Inclusivity, the Problem with Cliques and How to Break Them
Posted in : HR Updates on 1 March 2024 Issues covered: Diversity & InclusionNearly 4 million people in the UK say they’re very lonely or extremely lonely (ONS Report (campaigntoendloneliness.org)) and it’s not just the elderly: loneliness is rife across the age groups (ONS Report (campaigntoendloneliness.org)) and regardless of the wonders of Zoom, Teams and social media which apparently keep us connected, it’s clear that many of us are not feeling that connection.
Given the compelling evidence from Harvard’s 80-year study of human behaviour (Harvard Research Reveals The #1 Key To Living Longer And Happier (forbes.com), which found the quality of our social connections is the key ingredient for a long and healthy life, more than ever, we need to understand how to create vibrant and inclusive communities and therefore, we need to understand why cliques form.

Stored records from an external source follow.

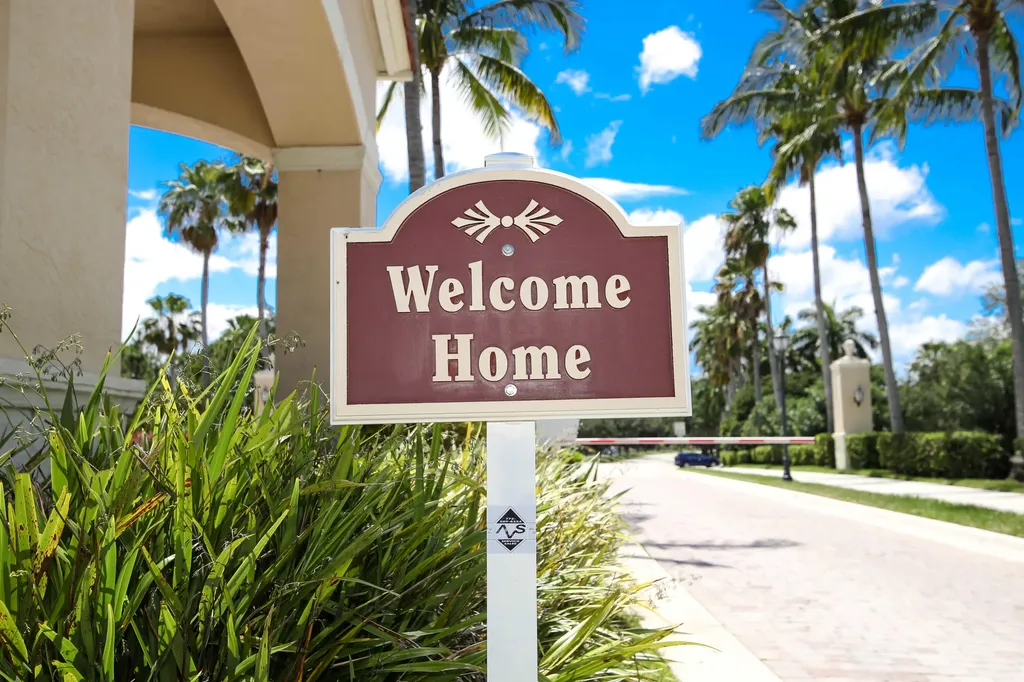 471 NW Lismore Lane Port St Lucie FL 34986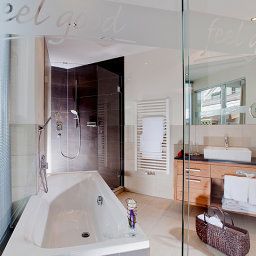 Bathroom Fliana Fotos
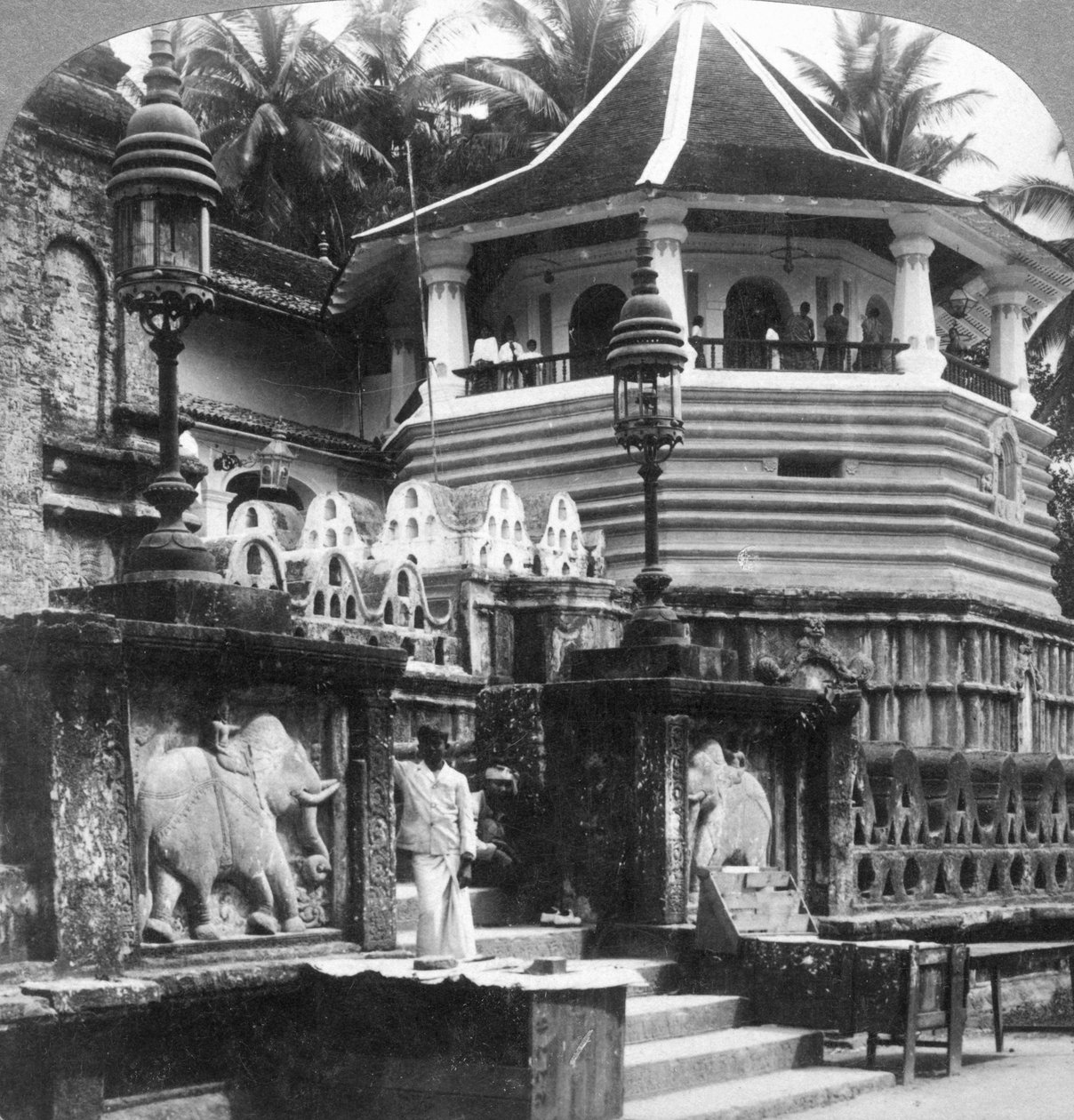 Dalada Maligawa, Palácio do dente de Budas, Kandy, Sri Lanka, 1902. de Underwood and Underwood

- Have you ever been to an event (wedding, business conference, company away-day) where most people in attendance, seem to know each other, but you only have or two existing contacts at that event and unfortunately, they’re more interested in talking to other people?
- Have you ever worked in a team, where everyone seems friendly enough at first, but when it comes to deeper relationships and beyond small talk, you’re on the outside? The endless in-jokes, the banter and real social stuff, it all happens separately to you.
- Have you ever felt like a complete outsider? Those around you seem like nice people, but they simply don’t understand you or care, so you start to ask yourself, “What’s wrong with me?” “Why am I so unlikeable?”
If you can relate to these scenarios, you’re not alone, cliques are everywhere because where people gather, there will be cliques, and it’s horrible being on the outside. Cliques prevent community, create misunderstanding and get in the way of all the good things which make communities flourish, so it’s important understand why cliques form. These are my thoughts:
- It’s very hard to spot a clique if you’re already in it: but if you’re outside of it, it’s crystal clear and you simply can’t believe that those within the clique are not aware of the clique.
- People who form cliques are not bad people: they’re busy people and socially speaking, they’re creatures of habit. Some people just find making new connections difficult. It’s easier and more comfortable to talk to people you already know, rather than reaching out to people you don’t know.
- I don’t believe cliques form because as children, we were allegedly taught to NEVER talk to strangers and this means we’re naturally reserved in making new connections. My memories are that I was taught to be cautious in certain scenarios, to use my wits and pay attention to my gut, whilst also appreciating that the majority of people are great once you get to know them. I believe cliques generally form because of my second point above, rather than, the ‘not talking to strangers’ myth.
- It’s easy to justify not being inclusive, by telling ourselves that it takes time to get to know new people and that we haven’t got enough time for the people we already know, let alone those we don’t know. This serves as a handy excuse to stick to our inward-looking social habits. Being exclusive doesn’t necessarily come from a place of being mean. Most people don’t want to be mean.
But if cliques are common, they’re hard to spot if you’re in them and they prevent inclusivity, how can we take responsibility for preventing cliques?
I have three top recommendations:
- On a day-to-day basis, and in your various social interactions (from work to your community, neighbourhood and family) ask yourself, “What would an inclusive person do? How would an inclusive person act in this situation?”
- Check in with yourself frequently and ask this question: “Is it possible that socially speaking, I’m a creature of habit? If so, what new social habits could I form? What could I stop doing? What could I start doing?”
- In a team situation, collectively get the magnifying glasses out and examine your dynamic as a team. Ask yourselves:
- Are we cliquey?
- Do we do things in the same old way we always have?
- Are we resistant to accepting ideas/challenge from newer people?
- Do we pay lip-service to inclusivity with a ‘hello’ and a smile, but no commitment/action to press into a meaningful friendship/relationship with certain people in the team?
- What would someone outside of our team say about us?
- When was the last time we ran with an idea from the newest person in the team?